In a complaint filed Wednesday, Mary Beth Strawn claimed individual defendants Josh Kirk, Alan Napier and Tyler Ogden used Solida Equity Partners LLC, a purported pooled cryptocurrency investment vehicle, to commit fraud. 

Strawn alleges that after she invested $200,000 in Solida in June 2024, she learned that she was the only investor and that her money was being funneled to other countries by contractors she was never informed would be involved with Solida.

She said the defendants are her husband’s professional connections. When pitching the investment opportunity to Strawn and her husband, she said, the defendants represented themselves as having exclusive control over Solida’s proprietary trading software. But, Strawn alleged, Solida had outsourced operations to software developers Mike Boggs and James Boyd, whom she described as “bad actors.”

After investing her money, Strawn did not communicate with the defendants for a year, she said. When attempting to access the status of her investments online this past June, the portal appeared to be experiencing technical issues, she added.

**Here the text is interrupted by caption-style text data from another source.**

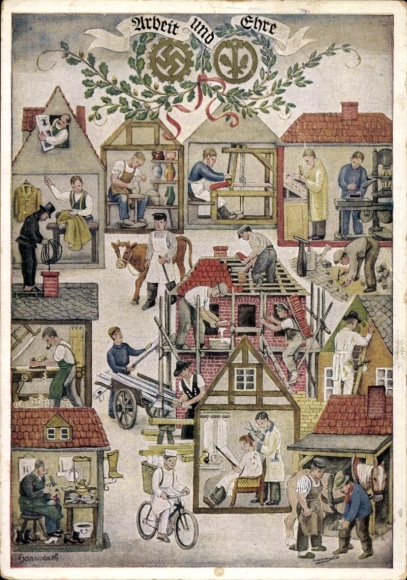 Künstler Ak Reichshandwerkertag 1936, Arbeit und Ehre, Friseur, Bäcker, Töpfer, Schornsteinfeger
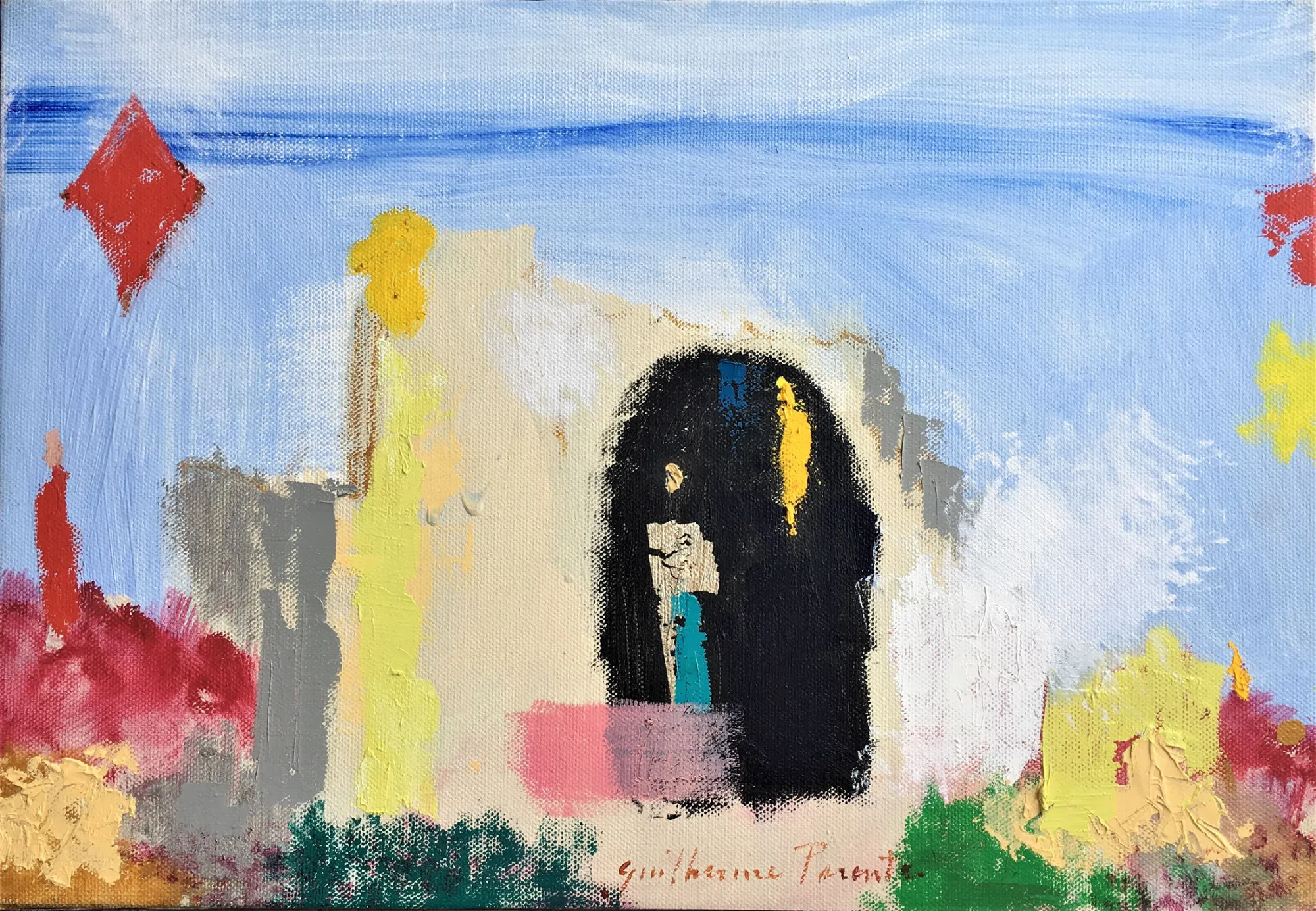Na minha caverna, Guilherme Parente, Mixed media on canvas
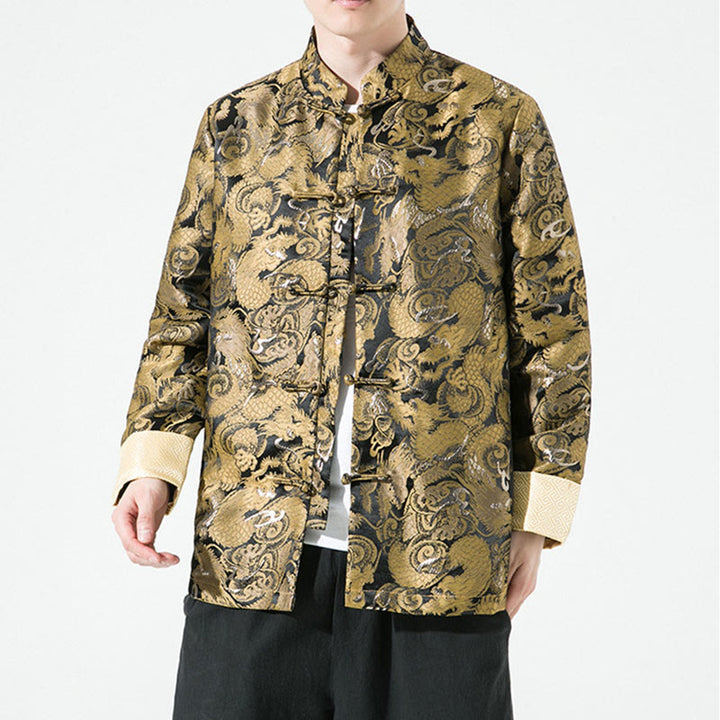 Camisa y chaqueta de algodón para hombre con botones de rana y dragón chino y Buddha Stones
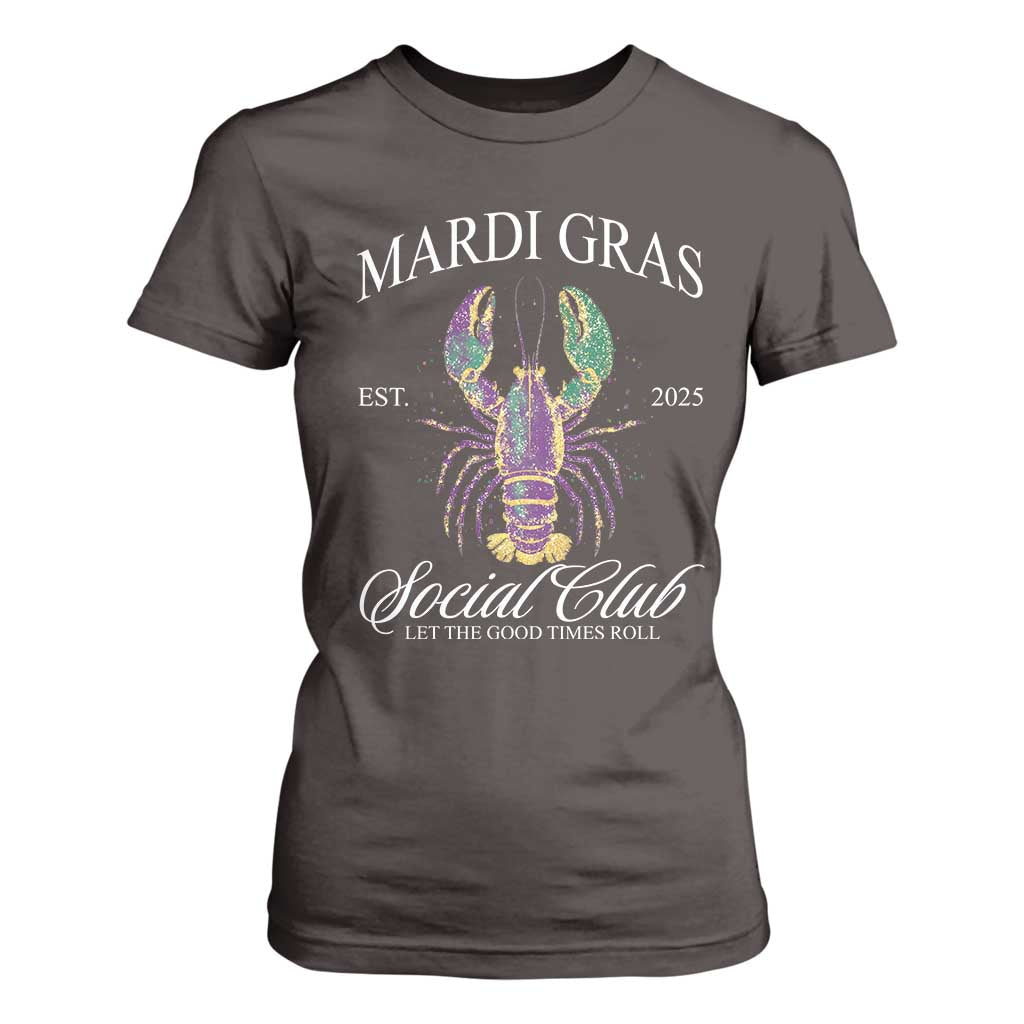 Mardi Gras T Shirt For Women The Carnival Social Club Louisiana Crawfish Glitter Print TS10 Dark Chocolate Print Your Wear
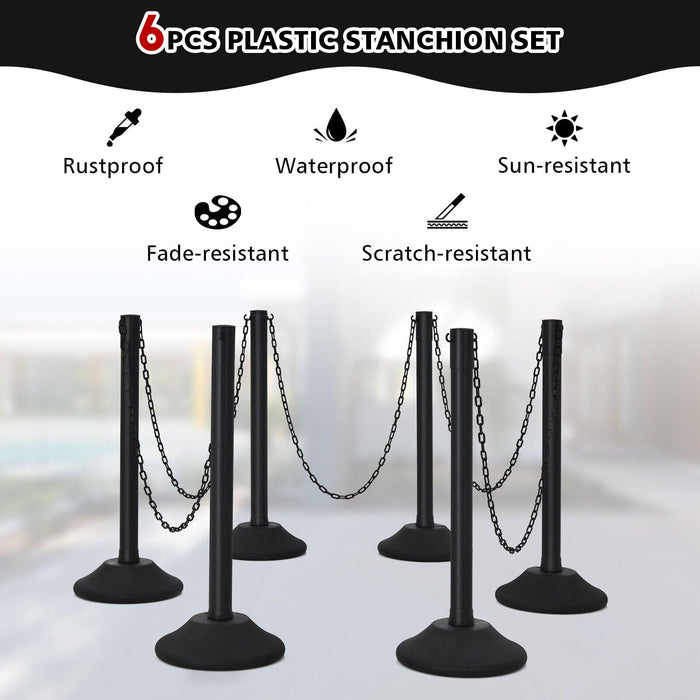 Costway 6PCS 36" Crowd Control Barrier Plastic Stanchion Post w/ 5FT Link Chain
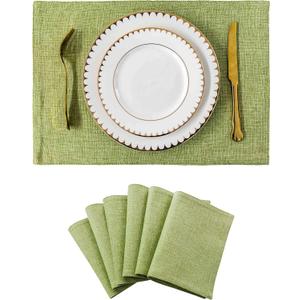 Home Brilliant Cloth Placemats Set of 6 Heat Resistant Dining Table Place Mats Kitchen Table Mats for Holiday Dinner Decor, Grass Green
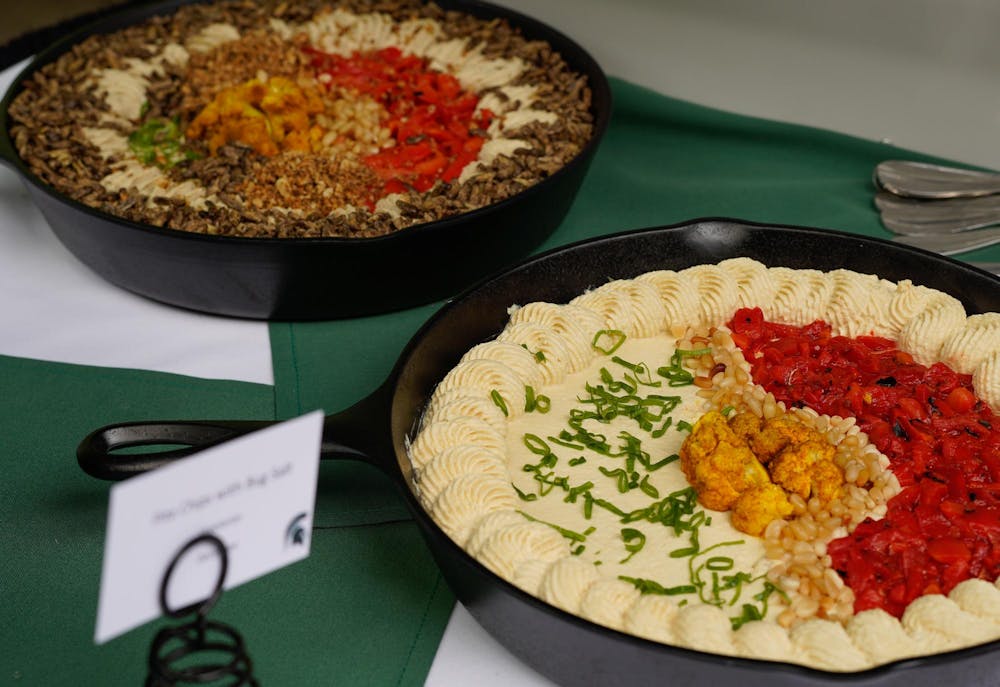 Dips displayed at the Excellence in Insect Science Symposium, to be served with pita chips with cricket salt on May 16, 2024. 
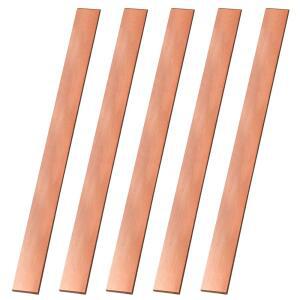 5PCS C110 구리 평판 바, 두께 0.04인치 x 폭 0.6인치 x 길이 15.7인치 구리 평판 바 재고, 1.0mm x 15mm x 400mm DIY 배터리 연결 등에 적합.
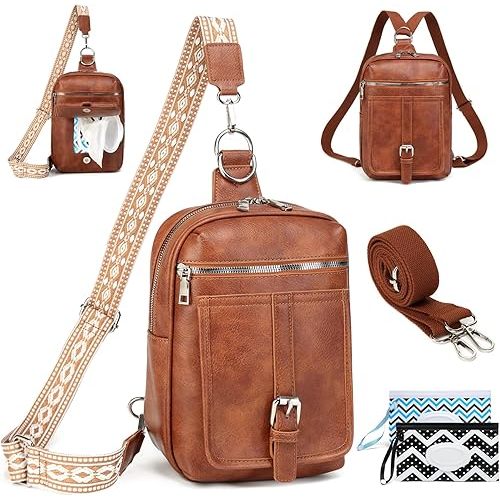 Sling Bag Crossbody Backpack Purse - 2 in 1 Leather Cross Body Bag Fanny Pack with 2 Removable Strap Large Chest Shoulder Bag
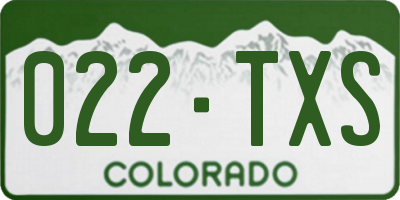 CO license plate 022TXS
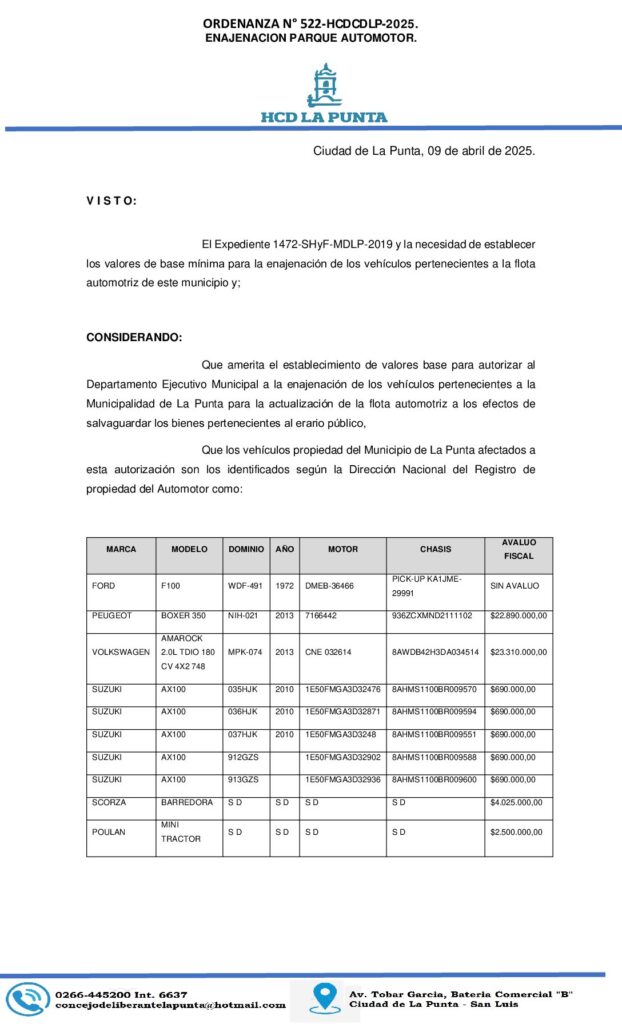 thumbnail of ORDENANZA N° 522- PROYECTO DE ORDENANZA ENAJENACION PARQUE AUTOMOR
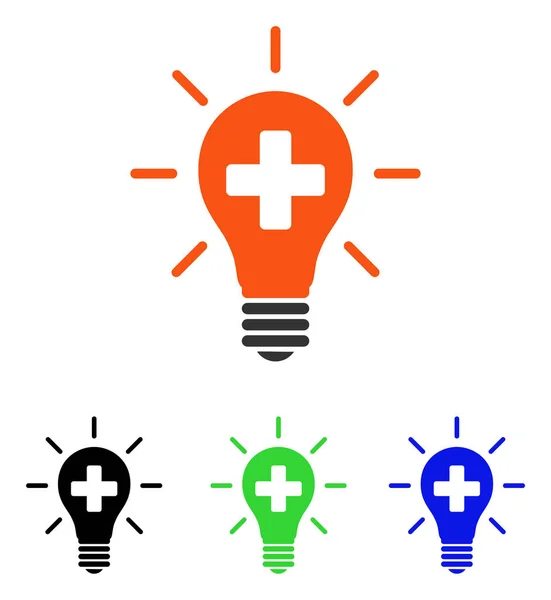 Icono de vector plano de lámpara eléctrica médica — Vector de stock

Despite assurances from the defendants that her investment was “doing fine,” Strawn said she later learned that Boggs and Boyd were “running an elaborate fraudulent scheme.”

“Plaintiff learned that Mr. Boggs, with the assistance of Mr. Boyd, funneled investments from entities like Solida and other investors to overseas entities in foreign countries such as China and Ukraine, and other domestic individuals or entities — all the while leading investors to believe their money was being invested, traded, and earning returns,” the suit said.

Boggs and Boyd aren’t defendants in Strawn’s suit. However, the duo is targeted in a pending lawsuit in Texas federal court from several parties, including Solida and Kirk, over allegations that they “orchestrated an elaborate crypto currency fraud scheme under the guise of a proprietary trading platform that promised daily returns and ironclad security,” according to Strawn.

Strawn alleges that the individual defendants knowingly misrepresented the control they had over Solida’s software.

“Defendants, rather than using their own proprietary trading software or conducting their own independent market research, blindly handed Plaintiff’s money to third parties (Mr. Boyd and Mr. Boggs) to invest as those parties saw fit,” Strawn alleged.

Strawn said that she has not recovered her $200,000 and that the defendants “continue to live affluent lifestyles,” which they display in social media posts.

She accused the defendants of fraud, breaching their fiduciary duties and negligence. She seeks $200,000 in compensatory damages, in addition to punitive damages and rescission of the subscription agreement she signed in connection with her investment.

Representatives of the parties did not immediately respond to requests for comment on Friday.

Strawn is represented by Joshua A. Mayes, Catherine C. Sullivan and Jane Ashley Ravry of Robbins Alloy Belinfante Littlefield LLC.

Counsel information for the defendants was not immediately available on Friday.

The case is Strawn v. Solida Equity Partners LLC et al., case number 1:25-cv-05634, in the U.S. District Court for the Northern District of Georgia.